I'd like to ask you about your insistence on wanting to explicitly say 'a language or a dialect of Ukrainian' about Rusyn while precisely this can be read in the first sentence on the Rusyn language article and while similar issues for e.g. Montegrin are not getting the same explicit attention in the article.
At the same time, I'd also like to acknowlegde that you might know things about Rusyn that I don't: then please, enlighten me. --JorisvS (talk) 17:18, 8 April 2010 (UTC)[reply]

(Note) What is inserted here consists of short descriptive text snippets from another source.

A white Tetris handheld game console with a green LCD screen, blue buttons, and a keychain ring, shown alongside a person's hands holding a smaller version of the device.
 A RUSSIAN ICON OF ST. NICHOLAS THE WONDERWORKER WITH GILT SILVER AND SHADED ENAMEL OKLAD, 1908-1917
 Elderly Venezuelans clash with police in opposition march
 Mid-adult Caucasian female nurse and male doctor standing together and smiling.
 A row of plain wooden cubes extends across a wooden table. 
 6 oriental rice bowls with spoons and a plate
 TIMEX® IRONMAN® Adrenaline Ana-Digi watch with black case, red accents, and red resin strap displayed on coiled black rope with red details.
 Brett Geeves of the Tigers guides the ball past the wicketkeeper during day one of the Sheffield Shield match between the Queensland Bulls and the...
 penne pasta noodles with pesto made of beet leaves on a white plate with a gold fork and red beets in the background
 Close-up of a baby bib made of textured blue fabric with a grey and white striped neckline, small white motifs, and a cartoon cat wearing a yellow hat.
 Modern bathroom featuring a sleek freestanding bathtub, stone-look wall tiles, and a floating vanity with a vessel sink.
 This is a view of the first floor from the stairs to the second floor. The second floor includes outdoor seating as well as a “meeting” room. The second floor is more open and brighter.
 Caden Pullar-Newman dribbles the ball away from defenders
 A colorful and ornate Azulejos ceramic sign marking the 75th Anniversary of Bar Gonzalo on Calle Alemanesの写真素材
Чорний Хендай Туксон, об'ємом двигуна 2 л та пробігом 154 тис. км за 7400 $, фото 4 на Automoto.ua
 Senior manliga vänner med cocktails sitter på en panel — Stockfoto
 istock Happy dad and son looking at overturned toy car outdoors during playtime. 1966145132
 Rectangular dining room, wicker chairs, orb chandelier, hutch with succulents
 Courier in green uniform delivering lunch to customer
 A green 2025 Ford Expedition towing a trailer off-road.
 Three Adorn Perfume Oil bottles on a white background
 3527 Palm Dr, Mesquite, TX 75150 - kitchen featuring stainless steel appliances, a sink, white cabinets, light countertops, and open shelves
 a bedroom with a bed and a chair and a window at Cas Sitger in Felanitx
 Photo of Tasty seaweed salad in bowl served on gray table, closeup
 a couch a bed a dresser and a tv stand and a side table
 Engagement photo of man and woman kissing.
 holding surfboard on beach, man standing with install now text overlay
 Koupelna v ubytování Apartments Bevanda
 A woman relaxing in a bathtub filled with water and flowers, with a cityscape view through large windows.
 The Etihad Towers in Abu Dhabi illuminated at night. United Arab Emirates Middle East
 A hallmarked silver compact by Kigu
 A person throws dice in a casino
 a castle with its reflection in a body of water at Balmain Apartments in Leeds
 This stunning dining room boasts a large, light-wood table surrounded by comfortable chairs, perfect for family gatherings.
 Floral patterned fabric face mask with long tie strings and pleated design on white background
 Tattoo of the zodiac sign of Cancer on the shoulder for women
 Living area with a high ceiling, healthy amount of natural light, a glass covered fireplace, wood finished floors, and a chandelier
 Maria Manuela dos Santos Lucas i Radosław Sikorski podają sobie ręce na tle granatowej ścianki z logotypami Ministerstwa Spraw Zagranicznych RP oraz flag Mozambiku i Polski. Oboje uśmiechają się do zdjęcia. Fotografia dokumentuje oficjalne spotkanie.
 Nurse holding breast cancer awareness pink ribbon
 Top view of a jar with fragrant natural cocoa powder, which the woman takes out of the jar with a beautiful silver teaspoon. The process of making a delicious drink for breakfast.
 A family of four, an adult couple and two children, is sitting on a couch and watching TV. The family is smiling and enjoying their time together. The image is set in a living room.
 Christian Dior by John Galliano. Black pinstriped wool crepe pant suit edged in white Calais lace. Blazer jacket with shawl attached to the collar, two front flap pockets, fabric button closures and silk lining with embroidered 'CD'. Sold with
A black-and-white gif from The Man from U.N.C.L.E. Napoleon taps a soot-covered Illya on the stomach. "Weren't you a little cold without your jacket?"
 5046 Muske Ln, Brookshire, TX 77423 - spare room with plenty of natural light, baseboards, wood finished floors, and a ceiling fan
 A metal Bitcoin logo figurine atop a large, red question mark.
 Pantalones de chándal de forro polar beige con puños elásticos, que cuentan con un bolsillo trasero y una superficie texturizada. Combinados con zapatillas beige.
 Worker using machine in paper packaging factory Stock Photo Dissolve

Hi, one thing is that no source that talks about Slavic languages mentions Rusyn there. So we basically may completely remove Rusyn from the article. The unsaid compromise is to mention Rusyn, but to say about its disputed status. --windyhead (talk) 17:28, 8 April 2010 (UTC)[reply]
This one mentions Rusyn: [1], with its own ISO 639-3 code. I don't know about the sources in the article, but what about those on Rusyn language? --JorisvS (talk) 17:37, 8 April 2010 (UTC)[reply]
That's kinda strange source, what's its reliability? I was mostly referring to encyclopedic articles on Slavic languages, found none mentioning Rusyn so far. --windyhead (talk) 18:06, 8 April 2010 (UTC)[reply]
Ethnologue? It sums up all/most languages of the world. While not 100% accurate, it should mostly be good (the most blatant mistake I could find is their info on Ossetian, which strangely omits Ossetian in Russia completely (thus most of it); don't ask me why). It is part of SIL International, [2], and thus has quite some weight. Most language codes in the language boxes here on Wikipedia (should) in fact link to Ethnologue.
Which are the sources you've seen? --JorisvS (talk) 19:06, 8 April 2010 (UTC)[reply]
Don't have a time for a long discussion now. I checked encyclopedias such as Britannica, Columbia (which says Rusyn is a language, but doesn't mention it talking about Slavic languages), and Soviet Enc. So here's the situation. Source (or POV) 1: Rusyn is not a dialect. Must be shown as an independent entry from Ukrainian. Source 2: Rusyn is a dialect. No mention about it in Slavic Languages article. How would you combine those POVs into one? --windyhead (talk) 14:38, 9 April 2010 (UTC)[reply]
I don't know. I don't know about Rusyn's lexical similarity or level of intelligibility with related variants (have you seen this anywhere?), which makes it hard to judge what's actually true. Also a note of caution: these do not seem to be sources that have actually studied it. I think it'll remain vague until someone can find some better info (primary sources?) and we must leave it at that. And I don't have the time to make in-depth searches or anything (either). --JorisvS (talk) 14:52, 9 April 2010 (UTC)[reply]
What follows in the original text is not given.